A Code of Practice for materials recycling facilities has been launched and formally laid before parliament.
The new Code of Practice will call for all materials recycling facilities (MRFs) over a certain size to measure the quality of their inputs and outputs. The test results will then be made available to businesses buying the recycling material as well as to local councils and others who supply material to the MRFs.
The code which would apply in both England and Wales does however stop short of setting any minimum quality standards.
The mandatory code is based on an initiative developed by the Environmental Services Association (ESA), the trade association for the waste management sector in the UK.
Government anticipates that the measures will cost businesses approximately £13 million to implement, a net saving of £31 million will however be generated through higher material revenue and reduced landfill costs, alongside avoided greenhouse gas emissions.
At an official launch event, Lord de Mauley said he believed there was “a strong businesses and environmental case for driving up quality.”
“It is in all our interests to obtain the maximum economic value from our recyclates, whatever the material. The right levels of quality unlock and deliver value to the whole supply chain. Get the quality right, and this consultation will help do that, I hope, and manufacturers that use recyclates will want access to greater quantities.”
The minister also commented that improving the quality of recyclables will help on the export market, particularly with regard to China where plastics expects were “potentially under threat from China’s tightening import regulations.”
Turning to the details of the MRF code, he praised the ESA and its members for their early input in developing it and also WRAP for its support. The code, said Lord de Mauley, would send a “clear signal that government is taking quality seriously.”

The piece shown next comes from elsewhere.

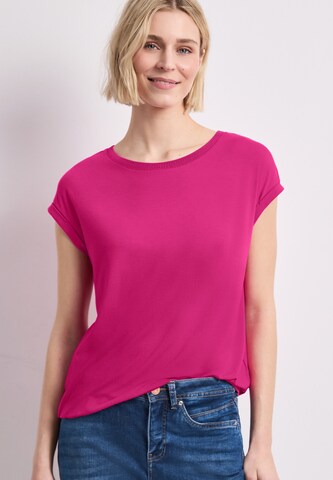STREET ONE Shirt in Pink: Vorderseite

Many waste management companies are supportive of the mandatory approach, with the focus being on high quality recycling.
The MRF code would be delivered through changes to the Environmental Permitting Regulations (England and Wales) which would come into force on April 6 2014 and consultation opened today on the proposals with responses due in by April 26.
All permitted MRFs processing more than 1,000 tonnes of dry recyclate per annum will be required to routinely measure the quality of the input, output and residual waste streams.
This information on quality will be made available to the MRF customers including local authorities and reprocessors on a quarterly basis via the Environment Agency.
The regulations also require an annual independent audit to be undertaken “to provide confidence to stakeholders that the sampling and testing is being undertaken in an acceptable and comparable manner by all MRFs (to provide a level playing field) and that the results produced can be relied upon.”
The measures Defra is planning to implement over the next few years to drive high quality recycling is set out in the Quality Action Plan.
Dry recyclables such as paper, glass, metals and plastics are the primary focus; Defra however noted that many of the principles also apply to food and garden waste.
Alongside the MRF Code of Practice, the measures outlined in the plan include:
- “Issuing statutory guidance to support waste collectors’ implementation of the separate collection requirement under the revised Waste Framework Directive;
- Delivering more accurate recycling data by amending guidance for councils to clarify what they should ask MRF operators to gain robust information on reject rates;
- Supporting the adoption of the End Destinations of Recycling Charter among local authorities;
- Developing a voluntary system for grading the quality of recyclates for each of the material streams – paper, plastics, metals and glass; and,
- Consulting on amendments to the packaging waste recovery note (PRN) and packaging waste export recovery note (PRN) scheme in a bid to create a level playing field by applying the same quality criteria (which has yet to be determined) to both.”
Defra will also be undertaking numerous actions to help improve the quality of material which is exported.
The success of the action plan will be measured according to the proportion of outputs meeting reprocessor quality specifications, the number of MRFs implementing quality management systems and the amount of material achieving end of waste status.